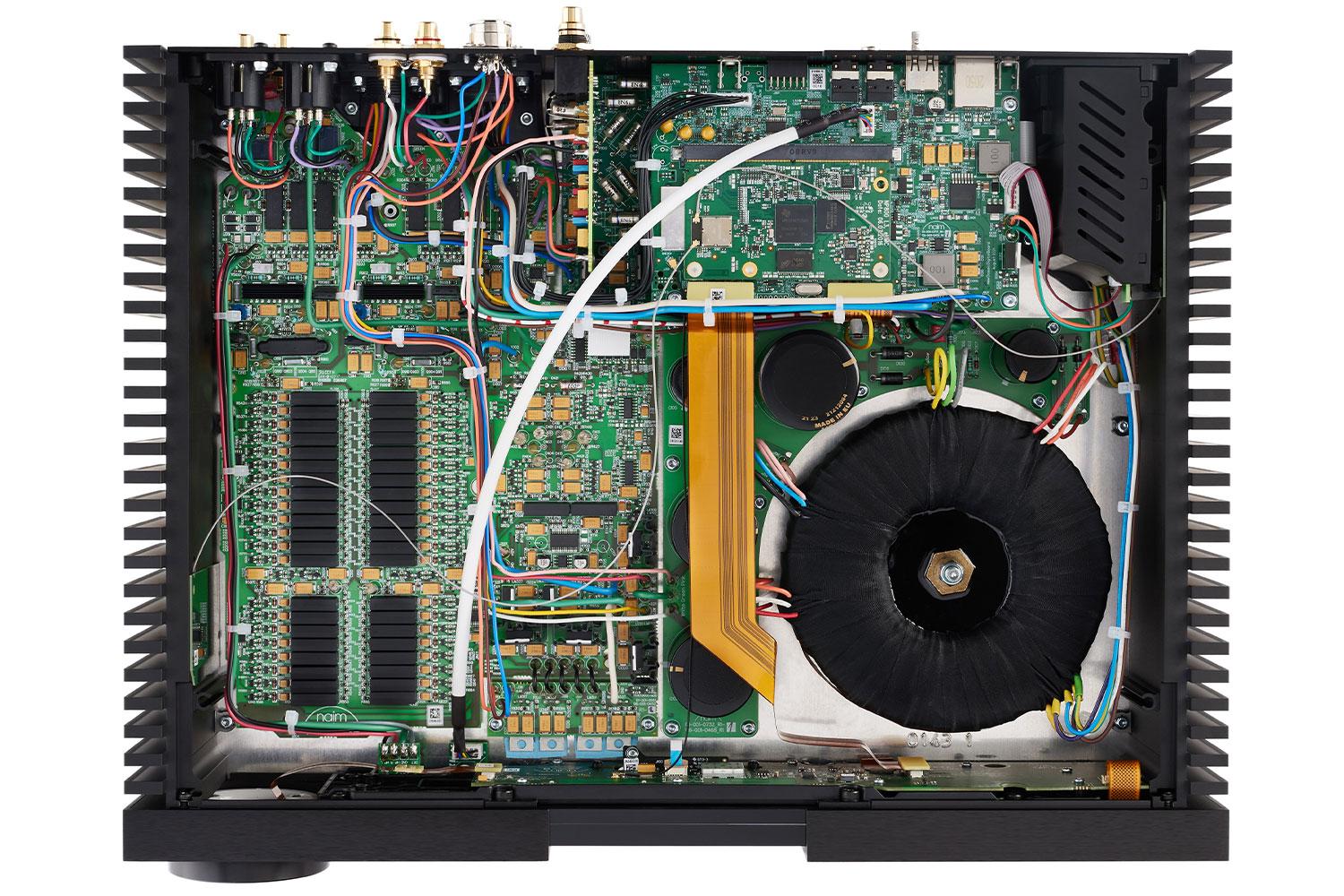 Naim NSC-222 – wnętrze przedwzmacniacza strumieniowego z widocznymi podzespołami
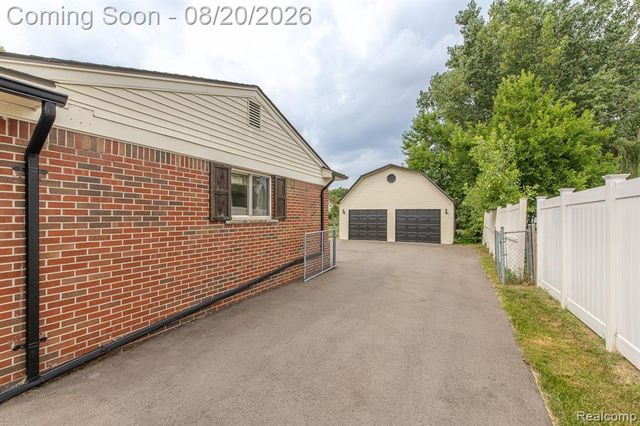 428 Carter Drive, Troy, MI 48098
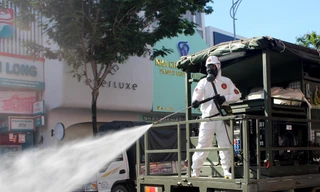 Trung tâm Ứng cứu sự cố hóa học, sinh học, hạt nhân miền Trung (Binh chủng Hoá học - Bộ Quốc Phòng) huy động xe đặc chủng cùng hàng chục cán bộ, chiến sĩ thực hiện nhiệm vụ khử khuẩn toàn bộ các khu vực phong tỏa do có ca mắc COVID-19 và các khu dân cư lân cận ở Đà Nẵng.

Instructions for the task:
Apart from the images, reproduce the listing exactly as it appears.

Answer box:
 Naim NSC-222 – wnętrze przedwzmacniacza strumieniowego z widocznymi podzespołami
 428 Carter Drive, Troy, MI 48098
 Trung tâm Ứng cứu sự cố hóa học, sinh học, hạt nhân miền Trung (Binh chủng Hoá học - Bộ Quốc Phòng) huy động xe đặc chủng cùng hàng chục cán bộ, chiến sĩ thực hiện nhiệm vụ khử khuẩn toàn bộ các khu vực phong tỏa do có ca mắc COVID-19 và các khu dân cư lân cận ở Đà Nẵng.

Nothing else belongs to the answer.